Le Ministère public a choisi de croire la version de Zoran, hier. Pourtant, il a déposé deux actes d’accusation alternatifs. Dans le second, on découvre que ce serait Zoran qui aurait attrapé un couteau et menacé Nuno. Après une bagarre musclée entre les deux hommes, le dernier cité aurait alors maîtrisé Zoran au sol, demandant à Pedro d’éloigner les couteaux et d’appeler les secours. Evidemment, les prévenus portugais, dont les propos ont passablement varié au cours de l’enquête, valident cette thèse.

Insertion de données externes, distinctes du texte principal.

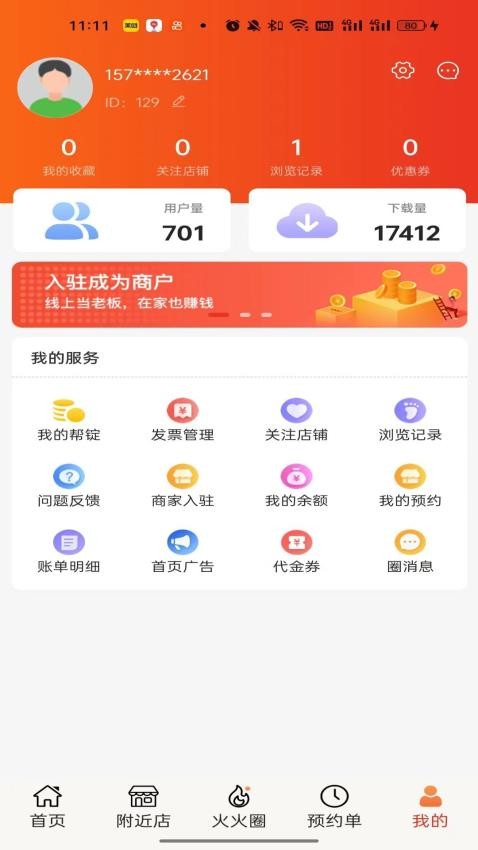 帮世纪图4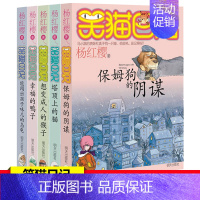 笑猫日记(1-5册) [正版]笑猫日记全套全集30册长大不容易杨红樱单本29笑猫在故宫28大象的远方27戴口罩的猫那个黑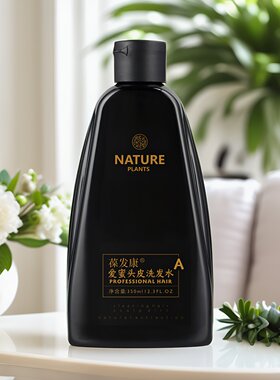 洗发水实体同款控油去油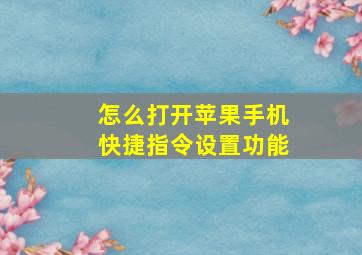 怎么打开苹果手机快捷指令设置功能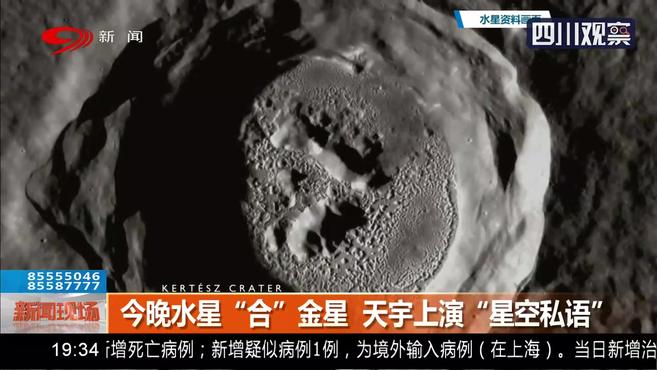 [图]水星“合”金星 天宇上演“星空私语”!裸眼目视水星 你看到了吗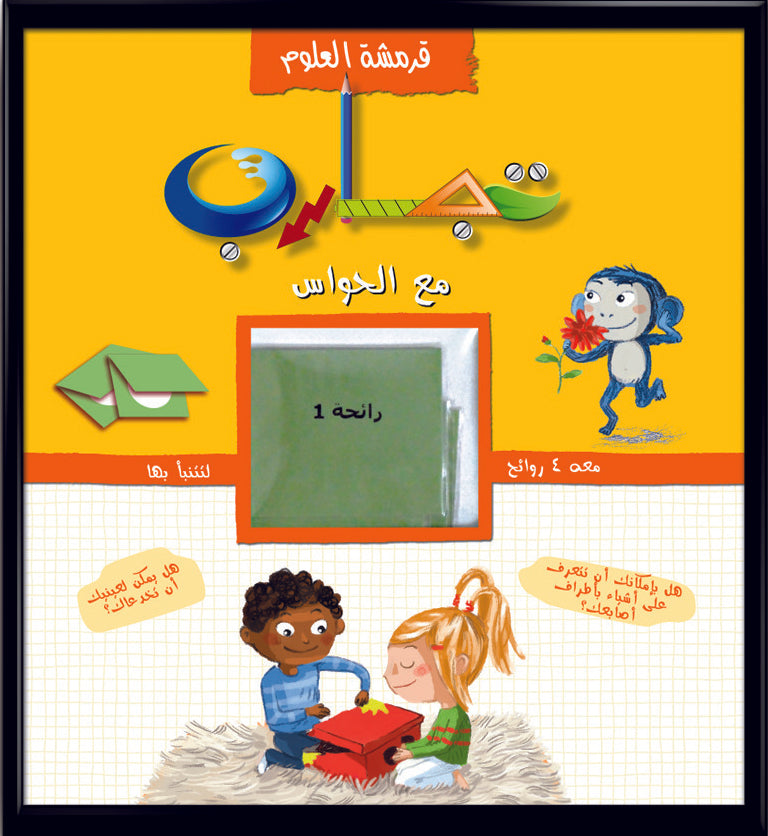 قرمشة العلوم، تجارب مع الحواس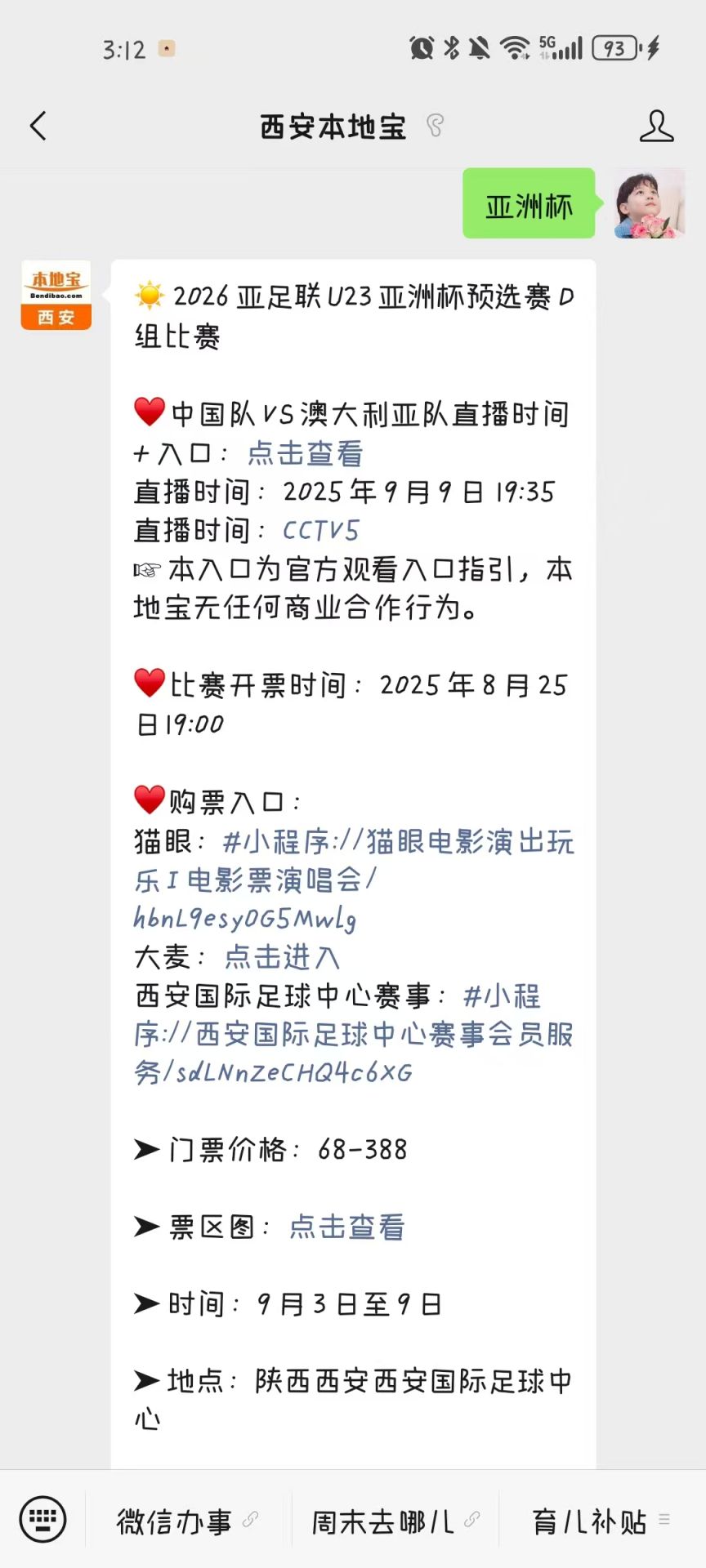 2025西安U23亚洲杯预选赛中国队VS澳大利亚队CCTV5直播入口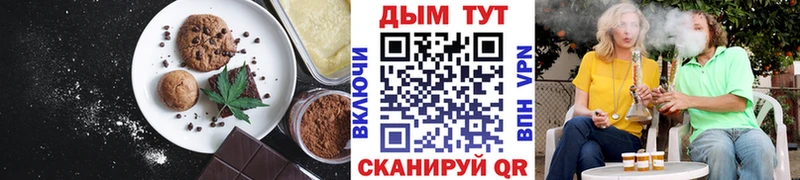 Canna-Cookies марихуана  Дудинка 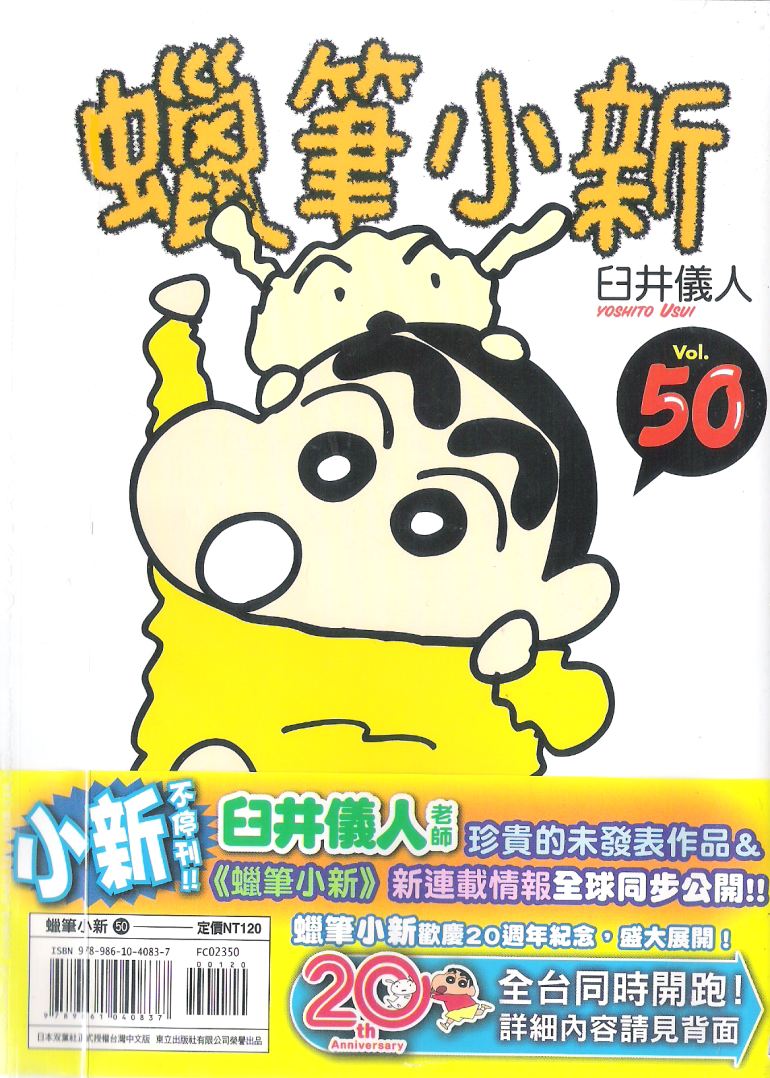 《蜡笔小新》漫画最新章节第50卷免费下拉式在线观看章节第【1】张图片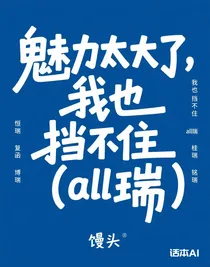 魅力太大了，我也擋不?。╝ll瑞）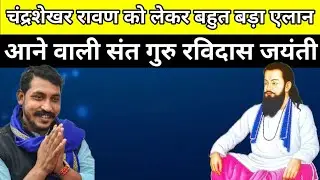 !! Aane wali Sant Guru Ravidas Jayanti per Chandrashekhar Ravan ko Lekar bahut bada Elan !! 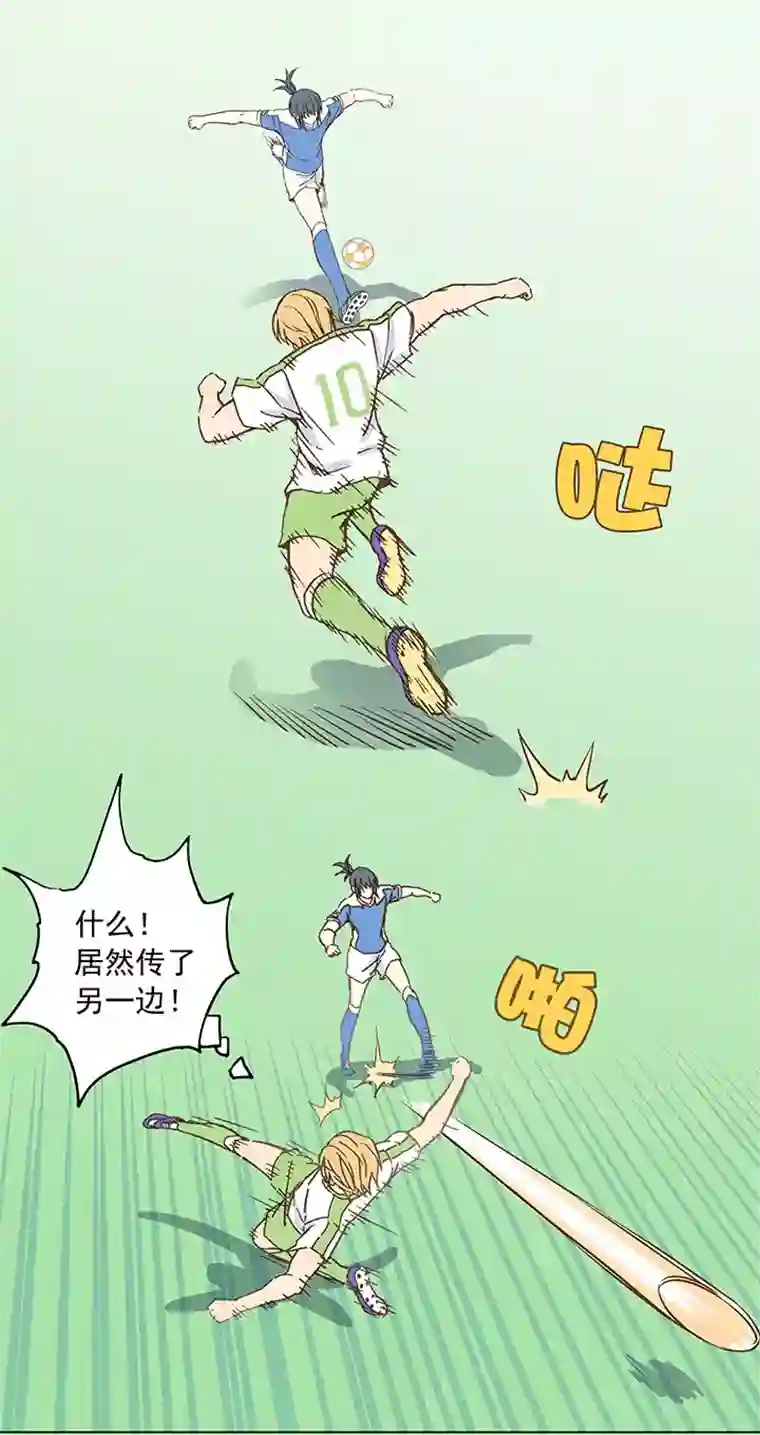 神之一脚第二十一波 独孤灯心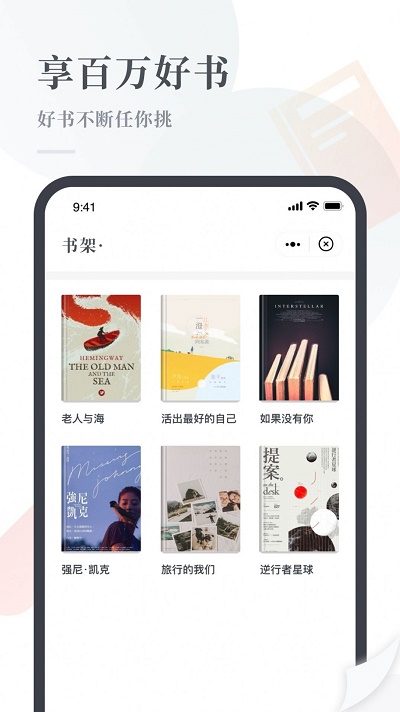 云悦读小说最新版免费阅读下载安装官网  v1.0图1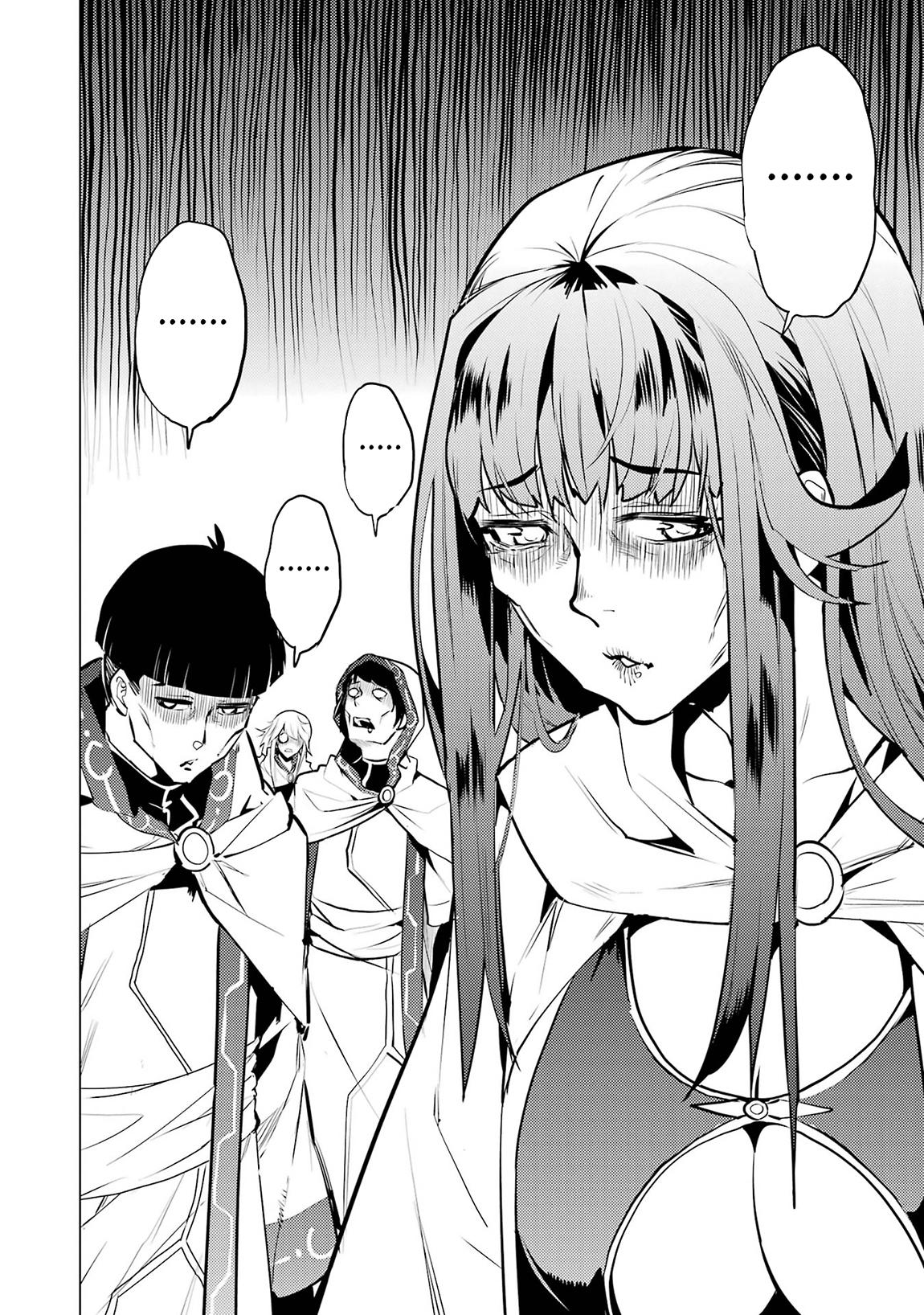 Tensei Kenja no Isekai Raifu Chap 77.1 - Next Chap 78.1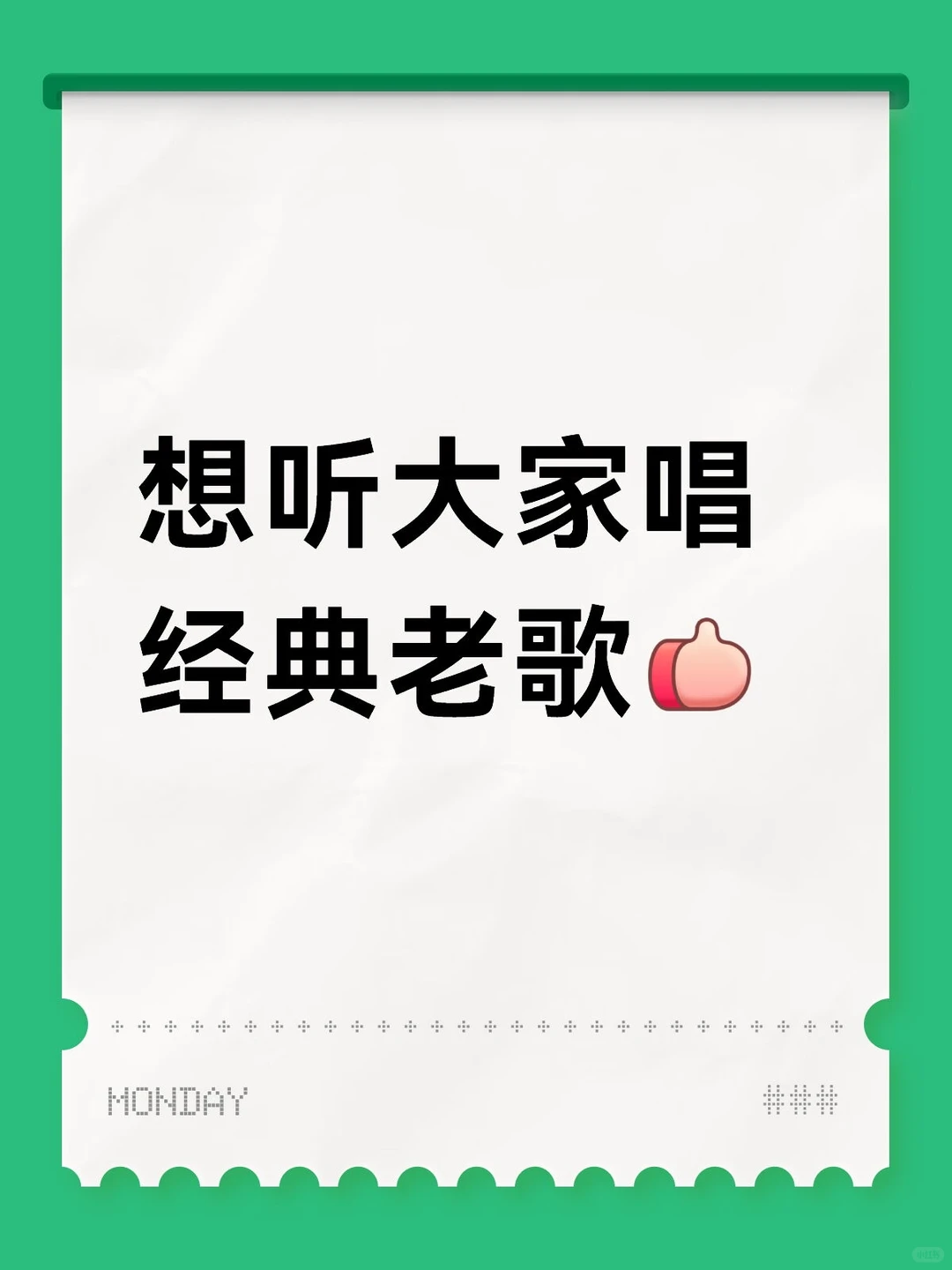 想听大家唱经典老歌～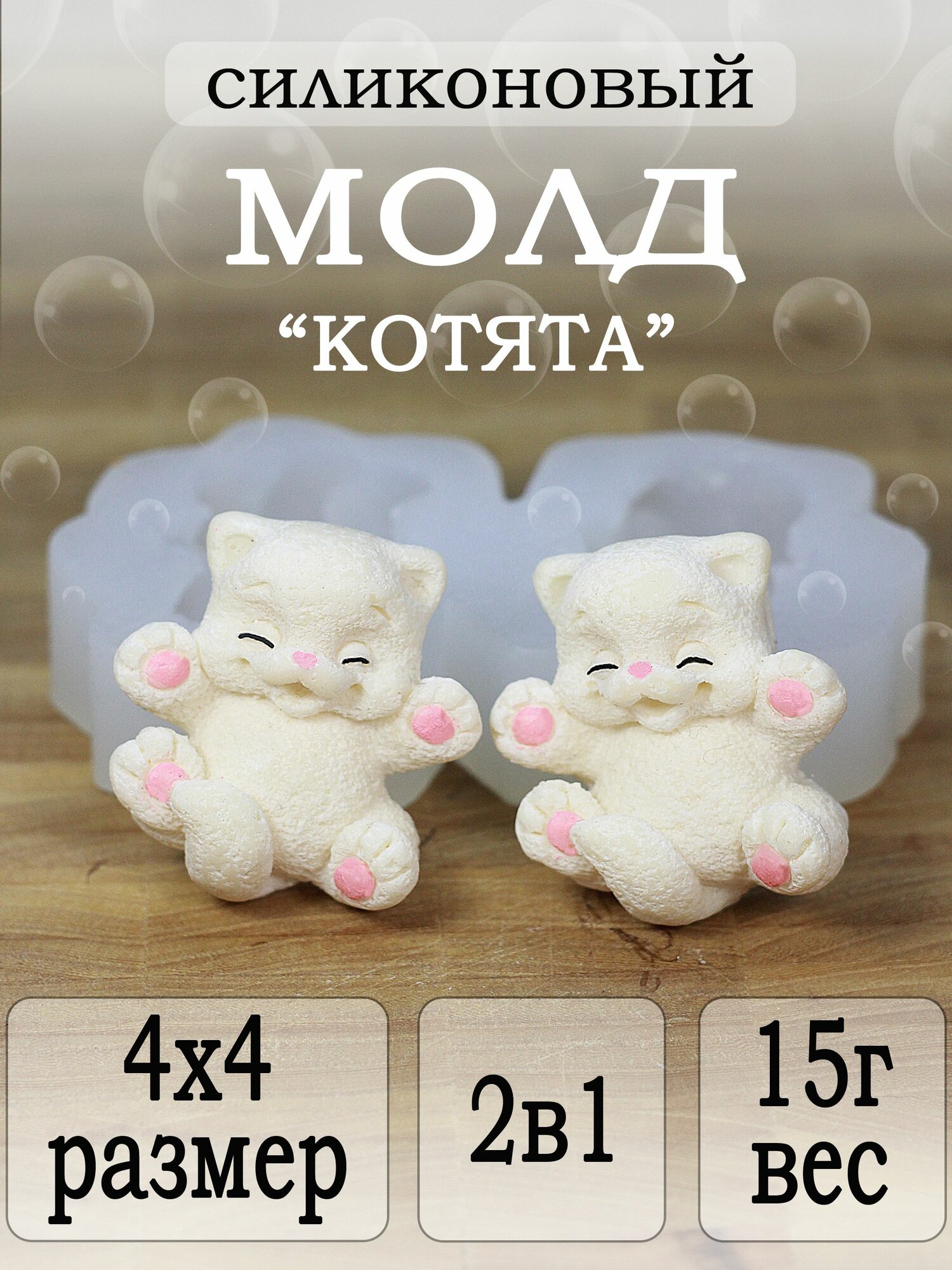 Силиконовый молд "Котята" для шоколада, гипса, эпоксидной смолы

Leurs avocats ne comprennent pas pourquoi Zoran disparaît tout à coup du banc des accusés pour n’être vu que comme une pauvre victime. «A l’ouverture de l’enquête, c’est Zoran qui menace Nuno, rappelle Me Adrien Gutowsky, défenseur de Pedro. Il y a une ribambelle d’auditions, mais le Ministère public s’appuie uniquement sur une audition informelle!» Et de souligner: «Ce qui est documenté, c’est que Zoran n’était pas content d’avoir deux Portugais dans son appartement et qu’il y avait un problème de nettoyage entre les trois protagonistes.» Et sa consœur Sarah Tobler d’appuyer: «Zoran n’a pas de trace d’un étranglement. Il n’y a aucun des signes qui sont normalement attribués à ce genre de strangulation. La seule marque au cou dont font part les experts serait due à un objet contondant. Retenir une tentative de meurtre ou une mise en danger pour mon client serait totalement hors de propos.» Son client, actuellement en prison, porte plainte pour coups et blessures, et menaces. Il admet être auteur de lésions corporelles simples, mais réfute tout le reste et demande l’acquittement.

Le Tribunal, lui, devra décider qui croire, car visiblement il y a autant d’éléments au dossier pour argumenter l’une ou l’autre des versions présentées.